04 febbraio 2021

“Vöja de nev”, nelle composizioni dialettali l’asprezza freudiana di Aristide Angelo Milani

Nella prefazione, il professor Salvatore Giujusa di Abbadia Lariana scriveva: ““Il suo presente è la scontentezza di muoversi verso ricordi a doppio epilogo: di recriminazione, per i danni privati che gli sono venuti da tutti, e di sdegno quasi biblico contro i mali pubblici, sociali e materiali”



di Claudio Redaelli

Era il 1983 e il lecchese Aristide Angelo Milani dava alle stampe Vöja de nev, una serie di poesie in vernacolo racchiuse in una raccolta e suddivise in quattro gruppi, così da distinguere quelle che l’autore presumeva di poter chiamare per l’appunto poesie da quelle da lui definite “temi versificati”.

Quei versi, in ogni caso, recuperavano ciò che vi è di più vivo nel linguaggio quotidiano dei lecchesi e offrivano al lettore una raccolta di composizioni capaci di mettere in risalto vibrazioni romantiche, anche con esempi poetici di avvenimenti locali che avevano segnato fino a quell’anno l’esistenza di Milani.
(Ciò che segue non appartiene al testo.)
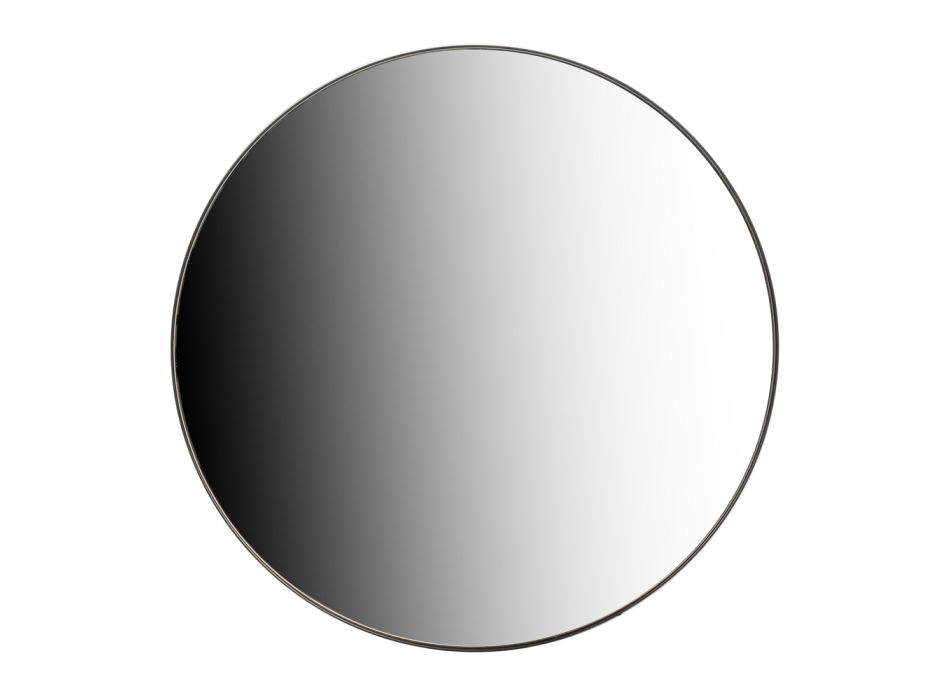 Specchio da Parete Rotondo in Mdf con Cornice in Metallo Nero - Maori Viadurini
Vi erano poi le “poesie dell’animo”, quelle dove l’autore della pubblicazione esprimeva emozioni e sentimenti profondi.

A curare la prefazione di Vöja de nev era stato il professor Salvatore Giujusa di Abbadia Lariana, del quale Milani fu alunno al “Badoni” di Lecco. “Ricordo il suo stupore filologico - scrisse al riguardo Giujusa in riferimento proprio agli anni della scuola e dell’insegnamento - e la sua meraviglia per ogni parola ignota e la sua gioia quasi sensoriale di farla propria, come se conquistasse un oggetto invece di un suono”.
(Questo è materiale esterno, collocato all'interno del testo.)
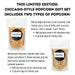 Chicago-style popcorn gift set with two types of kernels and packaging details.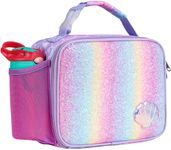 Bagseri Lunch Bag for Girls - Kids Lunch Box for Girls Reusable Leak-Proof and Insulated Kids Lunch Bag with Water Bottle Holder Toddler Lunch Box for Daycare and School, Glitter Mermaid Scale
A proposito del libro, poi, il professor Giujusa affermava innanzitutto che “Milani traduce col duro dialetto lecchese una sua asprezza freudiana di solitario che ha conti da regolare con il passato e con il futuro”.

“Il suo presente - aggiungeva - è la scontentezza di muoversi verso ricordi a doppio epilogo: di recriminazione, per i danni privati che gli sono venuti da tutti, e di sdegno quasi biblico contro i mali pubblici, sociali e materiali inflitti alla gente povera e qua e là non povera, a livello municipale, nazionale e oltre”.
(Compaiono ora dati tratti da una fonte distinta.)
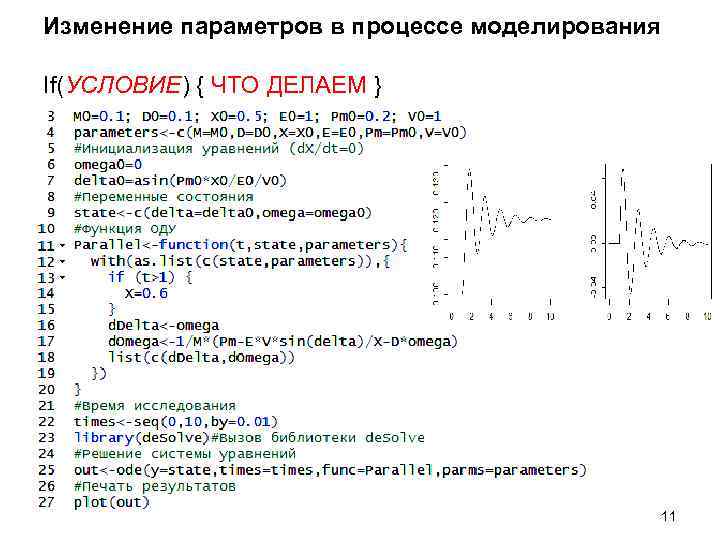 Изменение параметров в процессе моделирования If(УСЛОВИЕ) { ЧТО ДЕЛАЕМ } 11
Poi altre considerazioni: “Il rimpianto di Milani è anche ecologico e urbanistico e il riguardo politico non manca, anche se non è tra le limpide concezioni dell’autore, confondendosi sempre, e non solo nella forma, col risentimento personale che si scorge senza sforzo sotto un ideologismo messianico di facile consumo”.

E, alla fine della prefazione, una considerazione: “Vorremmo aprirci alla tenerezza, ma è meglio chiudere il cerchio con le ultime parole di Pirandello: Ed è imprudente non dare udienza, o per il bene che vi impedite di scoprire o per l’esperienza di un male che vi negate”.

Va aggiunto che il libro Vöja de nev era corredato da fotografie, incisioni, riproduzioni di silografie e caricature che aggiungevano pregio e interesse alla pubblicazione.